Second, there are all the administrative accoutrements that come with building a journalism program. There must be internships, so there must be an internship coordinator. There must be scholarship and awards committees. There must be a student advisory board with a faculty liaison. Because we are ambitious, and because globalization is an important consideration at our university, there must be a study-abroad program. There must be a school website. There must be advising. There must be contact with the rest of the university in the form of representation on committees and senates. In fact, there’s so much to do administratively that each of us professors spends almost as much time on admin as we do on teaching.

Third, we are building this school at a time of unprecedented disruption in the business of news. Neither radio nor television did as much to change the way news is gathered, delivered and paid for as that incredible boon and incredible bane, the Internet. I would say that 2006 through 2008 could turn out to be the most chaotic years of this disruption. In 2007, when I began teaching Journalism 24/7, it was still unclear what was going to happen to newspapers and television. Knight Ridder still existed, as did the Rocky Mountain News and the Seattle Post-Intelligencer. Dow Jones was an independent company. Dan Rather still delivered the CBS Evening News. Twitter was in its infancy. Facebook was a toddler. Smartphones didn’t exist.

While there is much change still to come, the outlines of that change are much clearer now than they were such a short time ago. We have a better perspective now. This blog is a sign that I’m ready to begin articulating what it means to be teaching journalism to 21st-century students. As the administrative responsibilities begin to settle into a routine, and the changes in the industry seem less earth-shattering, an opportunity for reflection and writing has opened.

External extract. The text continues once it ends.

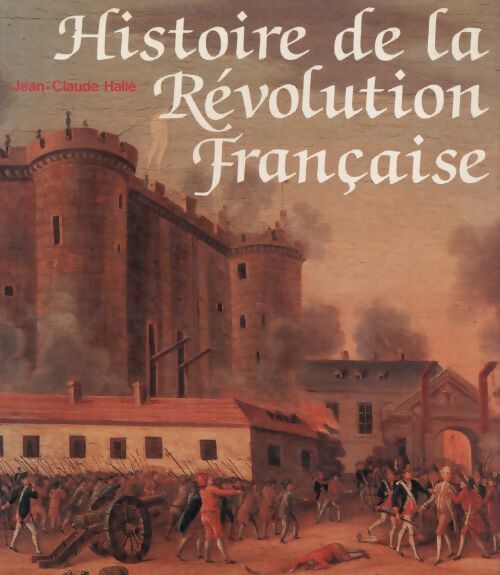 Histoire de la Révolution française - Jean-Claude Halle - Livre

What does this all mean? I’m thinking about the tenure process. I still have a couple of years to put my academic life in order, but I worry about colleagues whose cases will be considered sooner, colleagues who are brilliant journalists and dedicated teachers but simply haven’t had time to produce significant scholarship. I can only hope that the powers that be will recognize the special circumstances of our situation and base their decision on their potential for academic accomplishment and the reality of their immeasurable contributions to building our program.

A New Year, A New Blog

January 2, 2010. 01/02/10, 01/02/2010. How anagrammatical. Or, as I’m among many to observe, how palindromatic.

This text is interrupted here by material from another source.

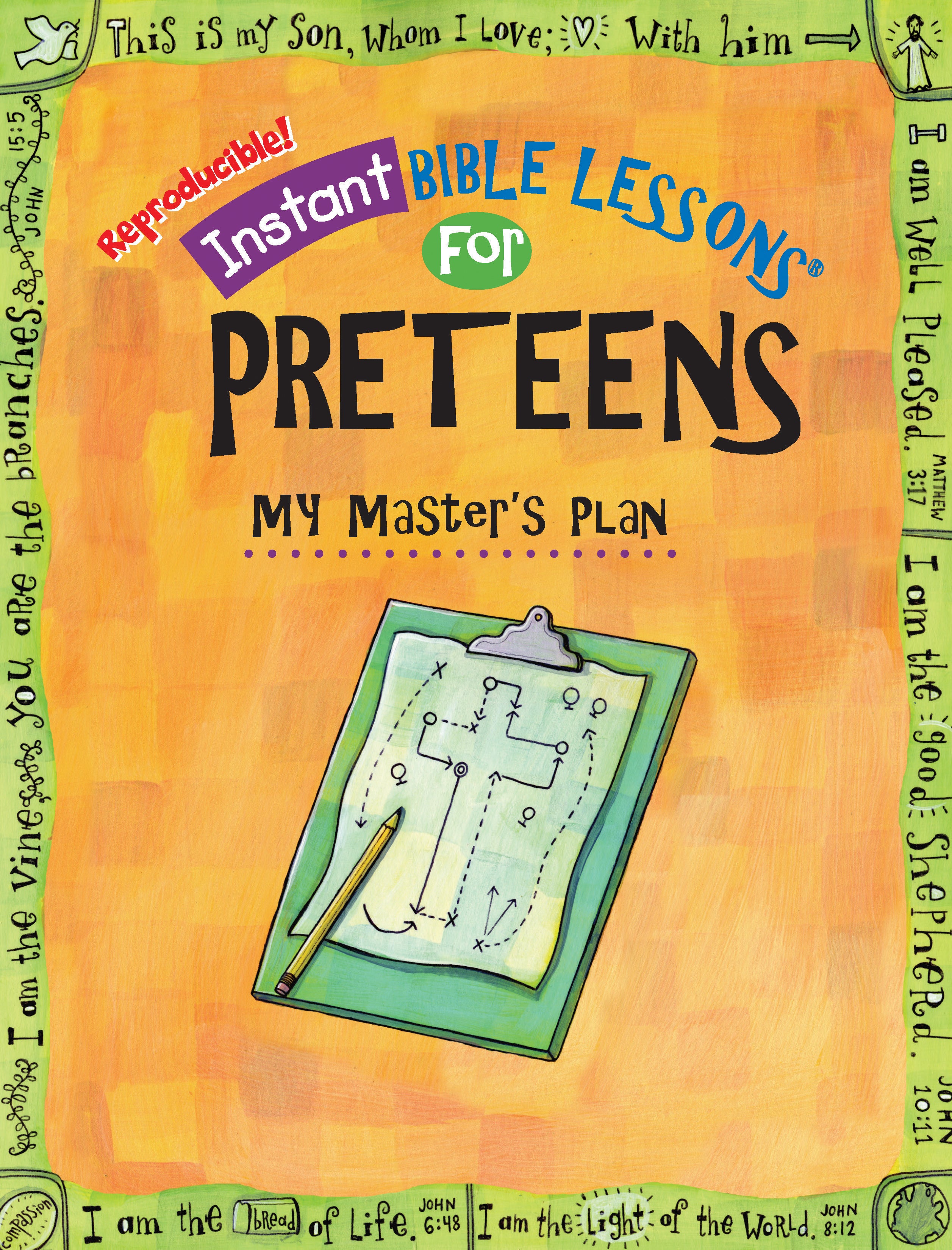 My Master's Plan (Ages 10-12) (Instant Bible Lessons Series)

JRNTeaching.wordpress.com: Inside the J-School Evolution has two purposes. One is to examine how the Internet revolution, which is reshaping the news industry, is driving changes to the journalism academy. It’s a parallel journey. Just as legacy news businesses — newspapers, magazines, network television — are thrashing about in a frenzy, trying to hold onto readers, viewers and advertisers in an era of free content, journalism schools are striving for new ways to prepare students for a very different industry than the one we professors came up in.

It’s a constant amazement that students are flocking to j-schools despite constant reports  of layoffs, cutbacks in coverage, shuttered publications and the rest of that grim litany. Young people want to tell stories. They want to share information. They’re turned on by the things that alternately intrigue and terrify their teachers: transparency, change, community. The school  at which I teach, the Stony Brook University School of Journalism, is midway through its fourth year of existence and has nearly 300 majors and 70 minors. Our youth as a school makes us more flexible than some long-established institutions, yet we, too, struggle to anticipate what will best serve our graduates.

At the same time, the fundamentals of journalism remain paramount. Those venerable ABCs: Accuracy, Brevity, Clarity. How to get there? Research. Interviewing. Proper syntax. Quantitative literacy (the clear and accurate use of numbers). Writing about how I teach the fundamentals in the Internet Age is the second purpose of this blog.